Source material
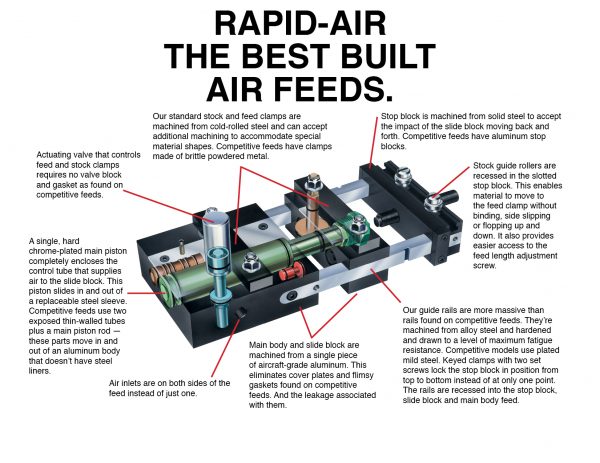 Rapid-Air Feeds
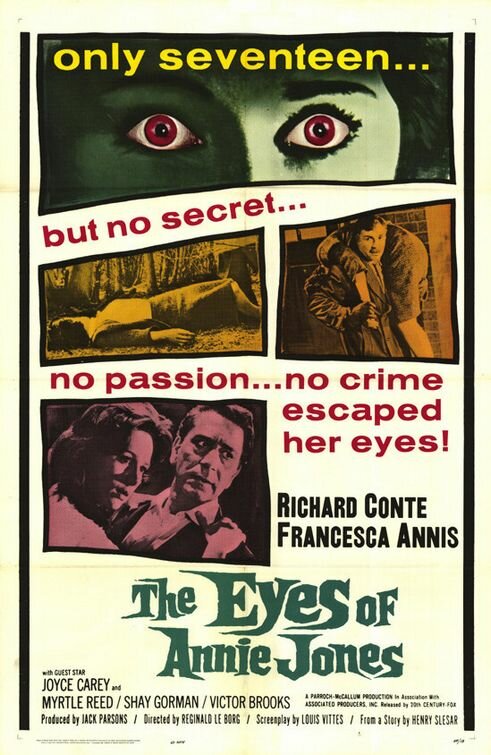 Постер фильма The Eyes of Annie Jones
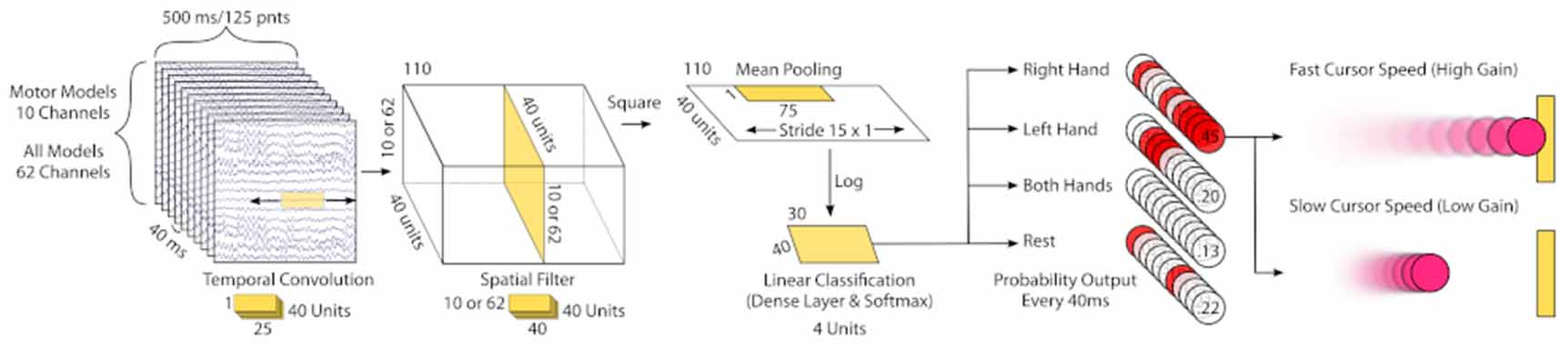 Benefits of deep learning classification of continuous noninvasive ...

Exercise
Print out the whole listing word for word. Leave the pictures out.

Answer space
 Rapid-Air Feeds
 Постер фильма The Eyes of Annie Jones
 Benefits of deep learning classification of continuous noninvasive ...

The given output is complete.